CHATFIELD, District Judge: Upon the 20th day of October, 1908, 150, dozen pairs of long kid gloves were seized in this district, and proceedings for their condemnation and forfeiture, on the ground that they had been smuggled into the country and the United States thereby defrauded, were begun in this court by the filing of an information upon the 16th of November, 1908. The marshal duly attached the gloves, published the requisite notice, and a sale was finally had upon the 28th day of December, 1908, at which the gloves brought, less expenses, $1,063. 32, which is now in the registry of the court. The person in whose possession the gloves were at the time of seizure, one Marie De Louise, has since petitioned this court, under sections 17 and 18 of the act of June 22, 1874, which has superseded section 5292 of the Revised Statutes.

It appeared from the record in the proceeding for condemnation and forfeiture that no one intervened as claimant or owner of the goods in response to the advertisement by the marshal, and the default in the condemnation proceedings was apparently properly taken.

The case of The Princess of Orange (19 Fed. Cas., No. 11431) seems to settle the first question which must be considered-that is, that in relation to certain proceedings for forfeiture no application to remit can be instituted until a forfeiture has been declared. But in the present case, the additional fact that the woman now asking to be relieved as owner of the gloves was the same individual from whose possession they were taken, and who therefore would seem to have admitted, by her failure to claim the property taken, that she had no title therete, raises at once the question whether as between all parties properly charged with notice by the condemnation proceedings, the decree of condemnation renders the issues involved res adjudicata, and prevents any application for remission of the forfeiture under the sections mentioned.

This point has been considered in a number of cases, especially from the standpoint of the United States, which might be called upon to pay an award for information leading to the seizure and yet be deprived of the proceeds of the seizure if the forfeiture should be remitted.
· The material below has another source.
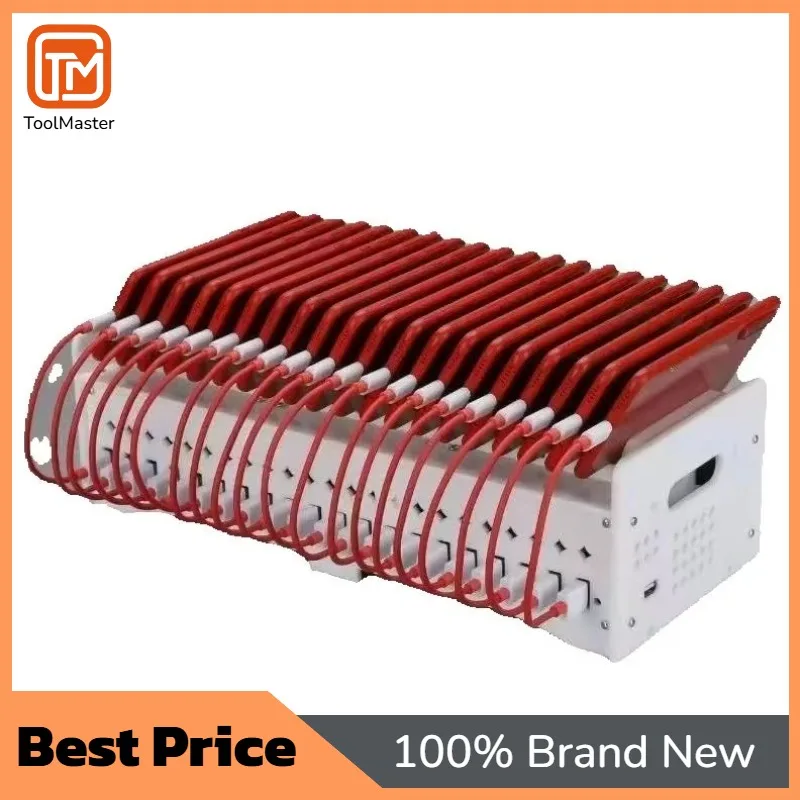 【Hot Sale】20 Ports Box Phone Farm USB Hub Android Batch Synchronization Control Unified Management
【Hot Sale】20 Ports Box Phone Farm USB Hub Android Batch Synchronization Control Unified Management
Such cases are cited below under the other question involved, and the decision of the Supreme Court seems to be that after distribution or payment of the fund in the condemnation proceedings to the collector of customs for the benefit of the United States the rights of informers have been established to such an extent that a remission of forfeiture could not compel the repayment to the claimant of the informer's portion of the award, at least.

But as long ago as the case of United States v. Morris (23 U. S., 246) the Supreme Court said:

It does not, in terms, give the power to the Commissioners of the Treasury to remit, after condemnation, and yet there can be no doubt the power extends to such

cases.

In the case of State of Maryland v. Baltimore and Ohio Railroad Company (44 U. S., 534) the doctrine is expressly affirmed, and in the Confiscation Cases (74 U. S., 454) the Supreme Court again said it has been decided

That the Secretary had authority, under that act, to remit a forfeiture, at any time before or after a final decree or judgment, until the money was actually paid over to the collector for distribution.

In the case of The Laura (8 Fed. Rep., 612; affirmed in 114 U. S., 411) proceedings upon a bond were pending, the bond having been given as security in a condemnation proceeding which had been determined, and the suit having been instituted for penalty incurred by the steam vessel. The same doctrine was reaffirmed, and it was held that the penalty incurred by the steam vessel for violation of the law relating to the carrying of passengers could be remitted, even after a suit had been brought by a private individual to recover the penalty provided.

In the case of Peacock v. United States (125 Fed. Rep., 588) the court held thatThe petition can be acted upon after the decree is entered as well as before. The trial by the court in this case was no invasion of the right of the Secretary of the Treasury to grant the remission of the penalty after the judgment was rendered.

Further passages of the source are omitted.